So. London to Cambridge and back to London. I had considered adding Brighton to the itinerary, but I am very glad I decided against it. The weather was hot and clammy – and it sucked all the energy right of me. Instead of doing the thousand things on my list, I opted to visit The National Gallery which I hadn’t visited for nearly twenty years. I knew it would be cool, relatively free of crowds and very restorative to my sanity.
But first a gratuitous photo of The Thing which is currently blocking.
A grey woolly blob pre-blocking transformation. I like the early evening light.
The National Gallery in London had played a big part in my days of living in London two decades ago. I spent much of my free time wandering through the galleries and several paintings had become old friends by the time I left.
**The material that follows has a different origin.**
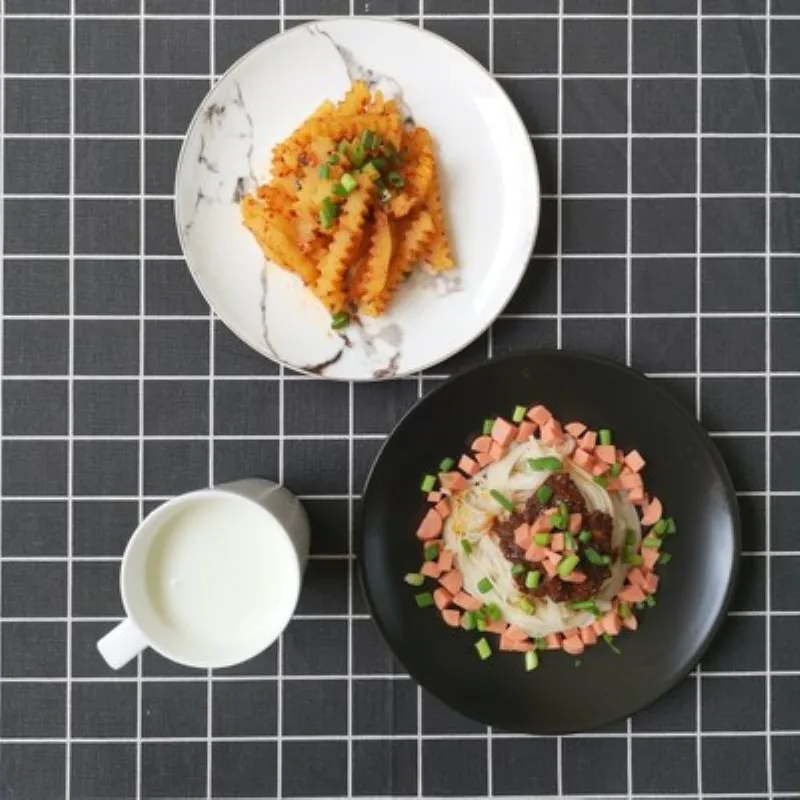 Современный простой стиль мраморные плиты керамический столовый сервиз Золотая инкрустация фарфоровая десертная тарелка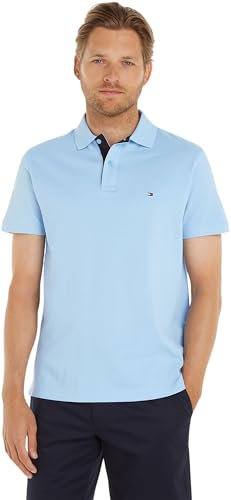 Tommy Hilfiger Polo Homme Manches Courtes Contrast Placket Reg Polo Regular, Bleu (Vessel Blue), S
It was a great joy to see these paintings again – a certain Titian, Fra Filippo Lippi’s The Annuciation (it had not lost any of its power and mystery) and Paul Cezanne’s Les Grandes Baigneuses (Cezanne’s painting took on extra meaning for me this time as I’m now so familiar with J.D. Fergusson’s Les Eus). But I kept coming back to a simple portrait by Albrecht Dürer.
Detail from The Painter’s Father by Dürer. This portrait is over 500 years old and it is still so achingly alive.
But my favourite discovery at NG was the mosaic floor in the Main Vestibule. I spent a lot of time looking at it (much to the bemusement of other visitors).
Detail from The Awakening of the Muses (1928-1933) by Boris Anrep. That man bears an uncanny resemblance to TS Eliot.
After the National Gallery, I headed next door to the National Portrait Gallery. I tend to visit NPG whenever I am in London – it is the perfect size for an impromptu visit and yet I see something new every time. This time I was struck by a painting of Aleister Crowley – the yellow colour vibrated and clashed beautifully against the red robe. I’ll need to see it again.
And then I headed out to Hackney to teach at the very delightful Wild & Woolly yarn shop. I always say that yarn shops reflect their owners – Wild & Woolly is owned by Anna who I liked on sight. We sat down with a pot of tea and proceeded to have a fantastic in-depth talk about knitting as lifestyle, knitting as art form, and knitting as pleasure. And the shop reflects Anna’s warm personality, sense of humour and eye for detail.
I was teaching a class on my Byatt shawl – and it was a blast. we talked colour choices, techniques and how to knit lace at the pub. The students were all lively and funny. A very brief hello from Larissa and I wish I could have stayed longer – always a good sign – but I had to dash into the dark of night as I was staying with my good friend Ben who lives quite a trek from Hackney.
And so I spent my very last hours of my time in London talking gender identity, privilege and Men Who Knit with Ben. We’ve known each other for years and I don’t see him often enough. I don’t see many friends often enough, actually, as they are all spread out across the world (that’s a complaint for another day).
Exotic travel: Birmingham
Somewhere north of Preston.
Almost sure I travelled across that viaduct on my journey to Settle just two weeks ago.
Oh Scotland. Home.
I have been travelling a lot the past month or so. As a confirmed introvert (and homebody) I can feel I need some time to recover from adventuring. I do try to soak up as many impressions and ideas as I can while I am travelling – but then I need time to sort through them all. The good news is I have finished quite a few things and I’ll be able to share a new design with you very shortly. Yes, it’s the grey blob shown above and no, it is no longer a blob but a Very Beautiful Thing.
A big thank you to everybody I met on my travels south – the people who came to my classes; Anna and Sarah who both jumped at the chance to host my workshops; Joanne and Ben who let me stay at their places; and all the lovely strangers who talked to me because I was knitting. I salute you.